[[ SUPPLIED INFORMATION, beginning ]]

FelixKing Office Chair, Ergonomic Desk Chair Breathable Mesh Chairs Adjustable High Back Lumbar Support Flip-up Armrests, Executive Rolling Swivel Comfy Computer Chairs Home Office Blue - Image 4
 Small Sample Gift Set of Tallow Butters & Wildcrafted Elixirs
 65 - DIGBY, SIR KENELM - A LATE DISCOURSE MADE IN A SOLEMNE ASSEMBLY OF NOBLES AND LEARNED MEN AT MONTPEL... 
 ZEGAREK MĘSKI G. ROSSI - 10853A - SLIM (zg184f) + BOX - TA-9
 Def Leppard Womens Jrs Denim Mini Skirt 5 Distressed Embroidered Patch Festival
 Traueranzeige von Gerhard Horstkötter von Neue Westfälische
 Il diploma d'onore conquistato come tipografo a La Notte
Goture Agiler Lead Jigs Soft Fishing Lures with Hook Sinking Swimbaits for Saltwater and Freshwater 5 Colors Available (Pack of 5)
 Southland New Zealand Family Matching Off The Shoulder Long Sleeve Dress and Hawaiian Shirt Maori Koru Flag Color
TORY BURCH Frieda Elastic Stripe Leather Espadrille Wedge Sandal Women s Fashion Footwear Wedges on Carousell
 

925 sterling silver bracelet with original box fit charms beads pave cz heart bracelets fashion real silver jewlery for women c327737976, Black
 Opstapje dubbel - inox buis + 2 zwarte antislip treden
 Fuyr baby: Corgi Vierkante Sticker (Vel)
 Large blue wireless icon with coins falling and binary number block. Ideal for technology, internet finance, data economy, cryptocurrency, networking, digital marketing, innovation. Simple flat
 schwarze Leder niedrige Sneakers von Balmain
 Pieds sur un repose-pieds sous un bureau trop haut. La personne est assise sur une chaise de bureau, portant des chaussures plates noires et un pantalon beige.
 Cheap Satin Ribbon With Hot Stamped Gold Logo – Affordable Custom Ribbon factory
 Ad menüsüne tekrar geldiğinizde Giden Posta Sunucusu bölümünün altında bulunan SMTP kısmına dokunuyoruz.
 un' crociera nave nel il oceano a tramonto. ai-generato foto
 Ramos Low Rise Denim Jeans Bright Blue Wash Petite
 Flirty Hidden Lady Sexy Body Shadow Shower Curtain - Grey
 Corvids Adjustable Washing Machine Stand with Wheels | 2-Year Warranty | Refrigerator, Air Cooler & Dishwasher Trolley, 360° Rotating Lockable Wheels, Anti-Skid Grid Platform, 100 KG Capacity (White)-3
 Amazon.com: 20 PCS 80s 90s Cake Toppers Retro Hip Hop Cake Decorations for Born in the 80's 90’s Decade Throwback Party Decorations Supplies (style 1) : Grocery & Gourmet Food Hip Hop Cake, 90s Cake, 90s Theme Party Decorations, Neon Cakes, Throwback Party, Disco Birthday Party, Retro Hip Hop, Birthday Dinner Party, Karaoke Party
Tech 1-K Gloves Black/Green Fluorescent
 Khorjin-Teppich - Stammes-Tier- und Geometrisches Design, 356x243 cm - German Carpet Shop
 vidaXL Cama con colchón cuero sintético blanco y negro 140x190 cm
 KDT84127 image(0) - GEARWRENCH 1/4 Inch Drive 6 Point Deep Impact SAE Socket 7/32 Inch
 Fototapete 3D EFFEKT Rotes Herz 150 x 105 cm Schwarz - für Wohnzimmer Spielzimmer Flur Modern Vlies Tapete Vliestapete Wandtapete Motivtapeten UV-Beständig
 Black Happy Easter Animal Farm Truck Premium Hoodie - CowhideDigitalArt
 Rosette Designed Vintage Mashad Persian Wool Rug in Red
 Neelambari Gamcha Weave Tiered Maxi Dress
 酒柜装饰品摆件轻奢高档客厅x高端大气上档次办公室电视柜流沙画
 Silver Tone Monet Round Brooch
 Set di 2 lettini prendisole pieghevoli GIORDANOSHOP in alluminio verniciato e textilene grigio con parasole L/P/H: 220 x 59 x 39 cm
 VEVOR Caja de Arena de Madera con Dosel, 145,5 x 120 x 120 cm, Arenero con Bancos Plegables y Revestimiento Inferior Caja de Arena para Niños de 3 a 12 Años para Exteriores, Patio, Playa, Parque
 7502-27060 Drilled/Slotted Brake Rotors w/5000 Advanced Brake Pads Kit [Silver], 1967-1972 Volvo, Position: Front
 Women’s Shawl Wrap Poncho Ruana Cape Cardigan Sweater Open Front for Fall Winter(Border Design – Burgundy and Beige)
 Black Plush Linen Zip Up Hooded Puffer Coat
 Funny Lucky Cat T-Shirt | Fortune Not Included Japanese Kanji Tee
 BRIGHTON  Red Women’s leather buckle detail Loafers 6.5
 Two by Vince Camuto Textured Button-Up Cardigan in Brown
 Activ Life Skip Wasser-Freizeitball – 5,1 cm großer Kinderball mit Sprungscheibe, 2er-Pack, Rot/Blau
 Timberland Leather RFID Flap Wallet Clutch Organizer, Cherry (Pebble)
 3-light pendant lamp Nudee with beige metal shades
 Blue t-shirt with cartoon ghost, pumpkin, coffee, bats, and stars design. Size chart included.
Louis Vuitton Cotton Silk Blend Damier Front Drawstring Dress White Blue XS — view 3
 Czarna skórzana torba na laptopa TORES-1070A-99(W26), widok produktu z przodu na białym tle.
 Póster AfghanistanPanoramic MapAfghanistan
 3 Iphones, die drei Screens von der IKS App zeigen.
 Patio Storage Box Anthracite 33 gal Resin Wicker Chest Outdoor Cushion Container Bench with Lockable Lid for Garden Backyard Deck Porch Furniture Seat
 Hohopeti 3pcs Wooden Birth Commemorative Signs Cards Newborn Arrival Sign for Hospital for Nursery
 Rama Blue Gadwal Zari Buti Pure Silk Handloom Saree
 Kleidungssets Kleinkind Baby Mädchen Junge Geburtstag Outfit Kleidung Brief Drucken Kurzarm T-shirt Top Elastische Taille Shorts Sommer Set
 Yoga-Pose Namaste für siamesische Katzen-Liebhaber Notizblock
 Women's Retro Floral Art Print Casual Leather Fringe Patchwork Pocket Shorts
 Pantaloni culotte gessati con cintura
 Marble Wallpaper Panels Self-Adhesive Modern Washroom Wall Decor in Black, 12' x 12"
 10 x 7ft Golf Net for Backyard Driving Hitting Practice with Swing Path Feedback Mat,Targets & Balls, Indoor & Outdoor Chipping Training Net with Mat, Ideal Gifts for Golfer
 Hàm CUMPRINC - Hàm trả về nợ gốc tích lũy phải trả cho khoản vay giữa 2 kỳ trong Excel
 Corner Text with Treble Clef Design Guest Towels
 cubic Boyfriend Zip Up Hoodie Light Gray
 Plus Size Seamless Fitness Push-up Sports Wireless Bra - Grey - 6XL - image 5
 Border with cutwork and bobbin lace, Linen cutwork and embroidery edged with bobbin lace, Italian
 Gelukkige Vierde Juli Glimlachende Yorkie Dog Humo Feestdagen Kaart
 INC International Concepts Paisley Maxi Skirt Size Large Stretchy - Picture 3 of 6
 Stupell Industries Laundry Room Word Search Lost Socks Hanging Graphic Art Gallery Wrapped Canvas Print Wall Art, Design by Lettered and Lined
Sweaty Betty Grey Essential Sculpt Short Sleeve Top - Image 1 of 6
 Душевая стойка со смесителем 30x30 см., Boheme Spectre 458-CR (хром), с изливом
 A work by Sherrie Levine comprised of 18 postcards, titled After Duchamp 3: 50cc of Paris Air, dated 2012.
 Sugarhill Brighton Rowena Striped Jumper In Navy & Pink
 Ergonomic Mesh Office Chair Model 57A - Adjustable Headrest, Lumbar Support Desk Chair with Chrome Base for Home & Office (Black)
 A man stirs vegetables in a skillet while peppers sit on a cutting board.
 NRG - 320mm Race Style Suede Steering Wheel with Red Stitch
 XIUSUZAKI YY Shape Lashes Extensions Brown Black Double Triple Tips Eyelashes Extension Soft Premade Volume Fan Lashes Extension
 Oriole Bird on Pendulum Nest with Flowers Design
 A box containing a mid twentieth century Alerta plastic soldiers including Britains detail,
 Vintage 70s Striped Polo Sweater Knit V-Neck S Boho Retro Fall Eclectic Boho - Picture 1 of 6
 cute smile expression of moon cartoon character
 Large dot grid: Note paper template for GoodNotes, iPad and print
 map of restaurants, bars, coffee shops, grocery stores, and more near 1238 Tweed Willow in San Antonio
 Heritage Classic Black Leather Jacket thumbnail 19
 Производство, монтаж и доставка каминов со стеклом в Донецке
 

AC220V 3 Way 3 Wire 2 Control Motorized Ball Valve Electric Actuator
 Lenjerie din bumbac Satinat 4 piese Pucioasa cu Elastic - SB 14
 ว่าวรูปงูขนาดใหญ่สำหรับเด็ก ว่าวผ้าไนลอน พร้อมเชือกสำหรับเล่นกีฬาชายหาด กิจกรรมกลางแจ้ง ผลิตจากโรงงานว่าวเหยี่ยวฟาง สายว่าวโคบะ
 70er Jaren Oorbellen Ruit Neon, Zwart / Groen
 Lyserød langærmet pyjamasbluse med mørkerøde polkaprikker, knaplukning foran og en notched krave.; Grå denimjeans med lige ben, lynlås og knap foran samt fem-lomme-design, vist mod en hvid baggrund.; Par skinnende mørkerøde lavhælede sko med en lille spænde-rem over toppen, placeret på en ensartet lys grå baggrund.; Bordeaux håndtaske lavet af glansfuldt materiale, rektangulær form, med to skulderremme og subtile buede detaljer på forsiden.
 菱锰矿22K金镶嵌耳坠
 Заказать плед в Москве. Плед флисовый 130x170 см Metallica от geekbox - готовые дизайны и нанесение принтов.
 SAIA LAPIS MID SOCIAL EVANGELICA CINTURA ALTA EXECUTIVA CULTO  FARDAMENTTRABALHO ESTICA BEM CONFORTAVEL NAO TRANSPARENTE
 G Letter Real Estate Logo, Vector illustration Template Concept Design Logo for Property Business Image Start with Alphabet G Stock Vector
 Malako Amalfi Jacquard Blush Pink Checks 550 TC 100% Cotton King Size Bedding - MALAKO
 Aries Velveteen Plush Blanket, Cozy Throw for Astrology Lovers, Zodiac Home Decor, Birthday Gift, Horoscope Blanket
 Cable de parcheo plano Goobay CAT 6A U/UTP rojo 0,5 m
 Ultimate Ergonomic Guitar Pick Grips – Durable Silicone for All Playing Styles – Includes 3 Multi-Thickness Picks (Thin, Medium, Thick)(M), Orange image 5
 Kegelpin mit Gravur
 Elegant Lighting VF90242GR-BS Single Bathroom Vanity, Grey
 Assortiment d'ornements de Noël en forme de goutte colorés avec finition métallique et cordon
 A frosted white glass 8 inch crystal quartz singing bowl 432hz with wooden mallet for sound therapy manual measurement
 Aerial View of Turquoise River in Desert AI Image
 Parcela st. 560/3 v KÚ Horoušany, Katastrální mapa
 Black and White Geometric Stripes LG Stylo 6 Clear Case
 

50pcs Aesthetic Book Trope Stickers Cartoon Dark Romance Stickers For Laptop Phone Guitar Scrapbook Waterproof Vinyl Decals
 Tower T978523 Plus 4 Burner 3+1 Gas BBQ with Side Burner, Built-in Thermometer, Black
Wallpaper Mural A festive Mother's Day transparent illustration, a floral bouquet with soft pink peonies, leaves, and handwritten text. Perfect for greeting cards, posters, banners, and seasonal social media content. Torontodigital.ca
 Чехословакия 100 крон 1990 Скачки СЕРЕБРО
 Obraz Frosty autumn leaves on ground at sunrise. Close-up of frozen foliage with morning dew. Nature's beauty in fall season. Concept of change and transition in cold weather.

[[ SUPPLIED INFORMATION, end ]]

- [ABOUT THIS EXERCISE] Please give back exactly the lines of this listing beginning at the line with "A work by Sherrie" and ending with the line with "map of restaurants, bars, coffee", both included, and nothing else.

- [TASK RESULT]
 A work by Sherrie Levine comprised of 18 postcards, titled After Duchamp 3: 50cc of Paris Air, dated 2012.
 Sugarhill Brighton Rowena Striped Jumper In Navy & Pink
 Ergonomic Mesh Office Chair Model 57A - Adjustable Headrest, Lumbar Support Desk Chair with Chrome Base for Home & Office (Black)
 A man stirs vegetables in a skillet while peppers sit on a cutting board.
 NRG - 320mm Race Style Suede Steering Wheel with Red Stitch
 XIUSUZAKI YY Shape Lashes Extensions Brown Black Double Triple Tips Eyelashes Extension Soft Premade Volume Fan Lashes Extension
 Oriole Bird on Pendulum Nest with Flowers Design
 A box containing a mid twentieth century Alerta plastic soldiers including Britains detail,
 Vintage 70s Striped Polo Sweater Knit V-Neck S Boho Retro Fall Eclectic Boho - Picture 1 of 6
 cute smile expression of moon cartoon character
 Large dot grid: Note paper template for GoodNotes, iPad and print
 map of restaurants, bars, coffee shops, grocery stores, and more near 1238 Tweed Willow in San Antonio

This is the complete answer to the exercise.